Tichys Einblick
Ukraine, Russland? Wir klopfen Sprüche

Bei Illner: Deutsche Pantoffelhelden allein in Europa

Der international geachtete und gefürchtete Würselaner Top-Diplomat Martin Schulz ist zwar für die Ukraine, aber nicht unbedingt für die ganze. Da das Land eh verloren ist, brauche man auch keine Waffen zu liefern, analysiert er bei Illner. That's German spirit.

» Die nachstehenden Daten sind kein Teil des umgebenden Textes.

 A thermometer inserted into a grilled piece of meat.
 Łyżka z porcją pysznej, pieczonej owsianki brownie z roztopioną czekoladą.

Screenshot ZDF: Maybrit Illner

In den letzten beiden Folgen von Illner konnten wir eindrucksvoll beobachten, was passiert, wenn ehemalige Lieblinge die Gunst des ZDF verlieren – erst Söder, dann Lauterbach. Man könnte die berühmte Frage, ob die Kunst das Leben, oder das Leben die Kunst imitiert, auch auf den ÖRR und die Regierung umdeuten – dominiert die Regierung den ÖRR oder der ÖRR die Regierung? Zwar nimmt man oft an, dass es ersteres Szenario ist, doch gerade der Fall Lauterbach beweist, dass Politiker den Rückhalt der Medien mehr brauchen als umgekehrt; es kann ja auch nur eine Gruppe von beiden abgewählt werden.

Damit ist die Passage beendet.